Het Nederlandse koningshuis heeft in de 17e en 18e eeuw omgerekend naar hedendaagse prijzen zeker 545 miljoen euro verdiend aan de Nederlandse koloniën, waar slavernij wijdverbreid was. Dit gaat om een voorzichtige schatting over de periode van 1675 tot 1770, op basis van de nu bekende bronnen. Dit zou onder meer gaan om opbrengsten van deelname aan koloniale ondernemingen. 

De Vereenigde Oostindische Compagnie (VOC) was bijvoorbeeld een belangrijke koloniale inkomstenbron. De VOC werd opgericht met steun van de staat. In ruil voor octrooien op de handel in Azië vloeiden ook de koloniale winsten uit Nederlands-Indië terug in de staatskas én op de privérekening van de Oranjes. De adellijke familie heeft niet zelf geïnvesteerd in de VOC, maar bij de oprichting van de VOC hebben de aandeelhouders tevens geregeld dat de Oranjes geld uitbetaald kregen alsof zij circa 3 procent van de aandelen in hun bezit hadden.

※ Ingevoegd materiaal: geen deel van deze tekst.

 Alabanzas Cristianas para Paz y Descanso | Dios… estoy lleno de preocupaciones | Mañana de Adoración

De Oranjes hebben dus op uiteenlopende manieren geprofiteerd van de kolonies en dus ook van de slavernij, zo staat in het onderzoek. De belangrijkste algemene conclusies van het onderzoek zijn dan ook dat er zonder slavernij geen Nederlands koloniaal rijk had bestaan, Meer hierover bij de VRT.

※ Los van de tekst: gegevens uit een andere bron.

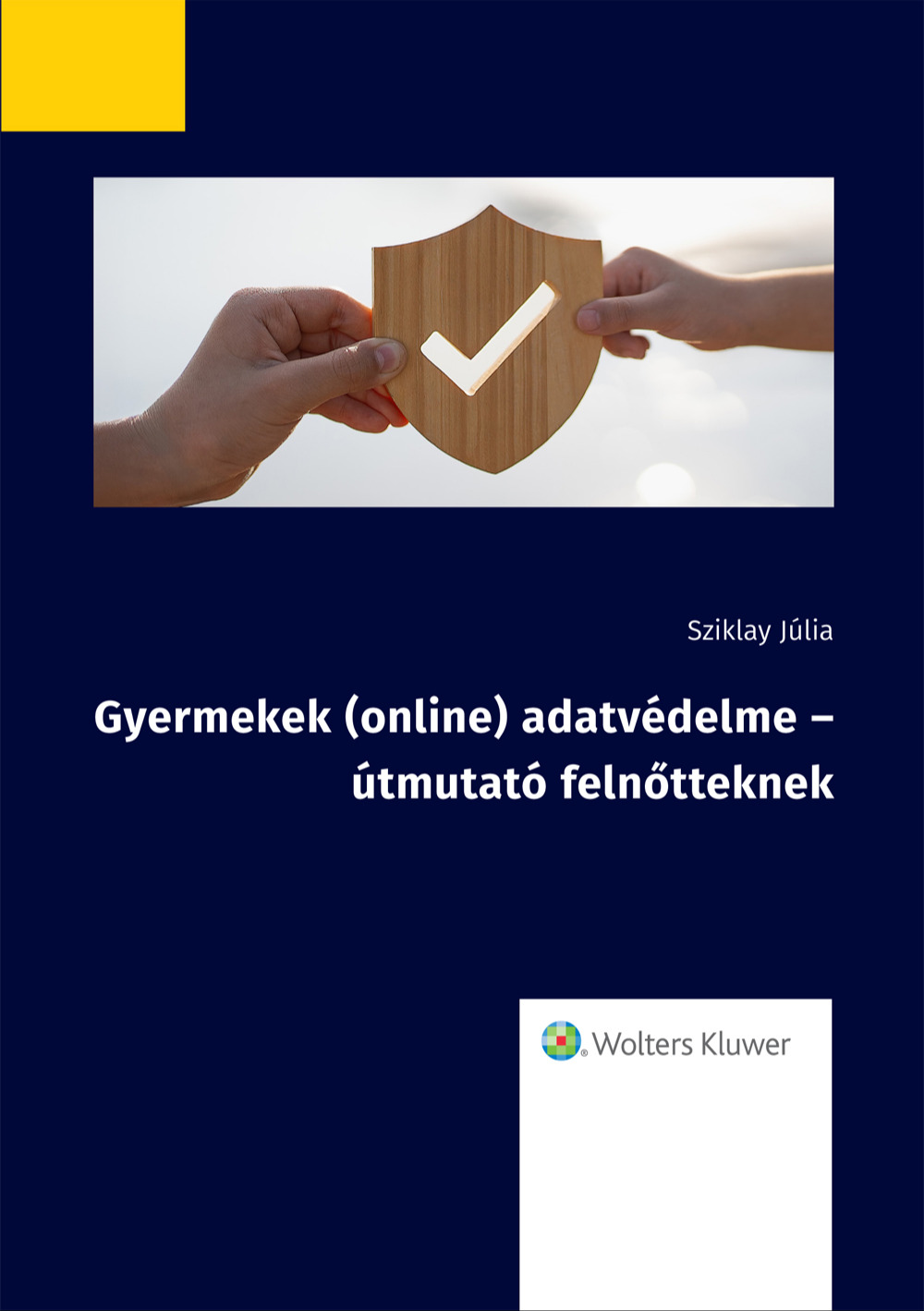 Dr. Sziklay Júlia - Gyermekek (online) adatvédelme - útmutató felnőtteknek [eKönyv: epub, mobi]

Op 1 juli wordt herdacht dat 150 jaar geleden feitelijk een einde kwam aan de slavernij onder Nederlands bewind. Bij een herdenking in Amsterdam zal de koning die dag een toespraak houden. Naar verluidt zal hij, in navolging van premier Mark Rutte, zijn excuses aanbieden. Rutte deed dat eind vorig jaar.